Occasionally one will come across a beer where there is a single, overriding experience that dominates just about all other aspects of it. It doesn’t necessarily make the beer one-dimensional, because at the time the subtleties may be possible to discern, but the further removed you become from the beer, the more singular the experience becomes. This was one of those beers.
Bitterness. That’s it. Now that bitterness was not an American, IBU, hoppy assault, but rather the far more predictable (and enjoyable) herbal-based explosion that makes sense and is in keeping with all expectations. When one finds out that quinine is part of the brewing process (makes sense given the name, right?), everything falls into its rightful place. As a gin drinker I can appreciate so much more about what’s going on in the beer knowing that. Cardamon adds to the mix in the same way, and quince juice adds … frankly, I have no idea what!
Pour is a mid-amber, lightly cloudy affair with a nice, light, fluffy persistent head that has good retention. Immediately the intention of the beer is clear, with large herbal notes of rosemary and thyme, and some other juniper-based flavors and aromas.
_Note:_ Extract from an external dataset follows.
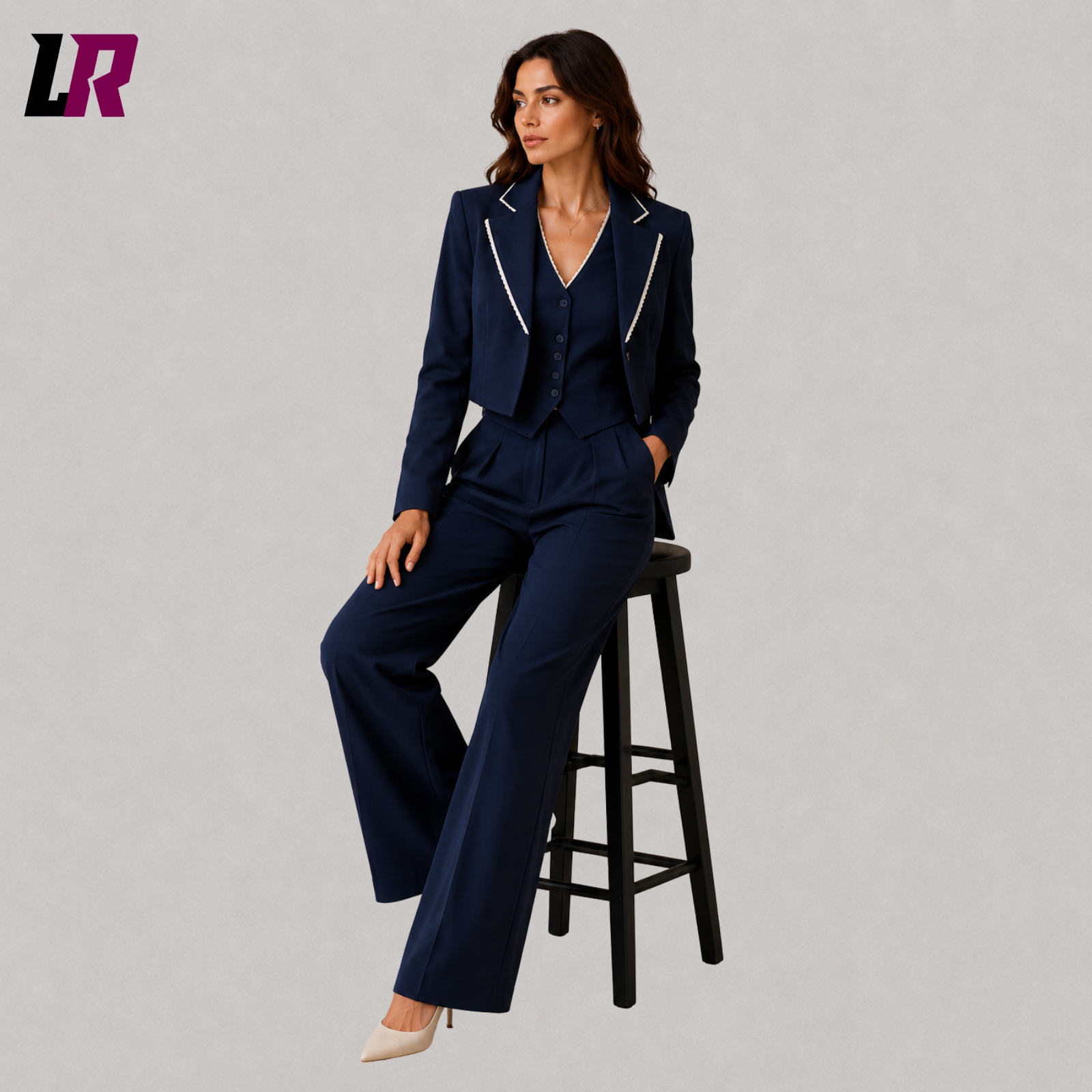 Woman wearing a navy blue three piece pantsuit seated on a stool in a professional portrait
Some report some pear-like tastes here, but I don’t get those, and the beer stays firmly away from sweet for me, and largely in the bitter, metallic and herb-like areas.
Of course, it drinks beautifully, with a really lively mouthfeel, plenty of carbonation, and the ability to dance on the palate, even if it is with a pair of fairly robust, hobnail boots!
Not a beer for the inexperienced, but for those that know and love Fantôme this will continue to please.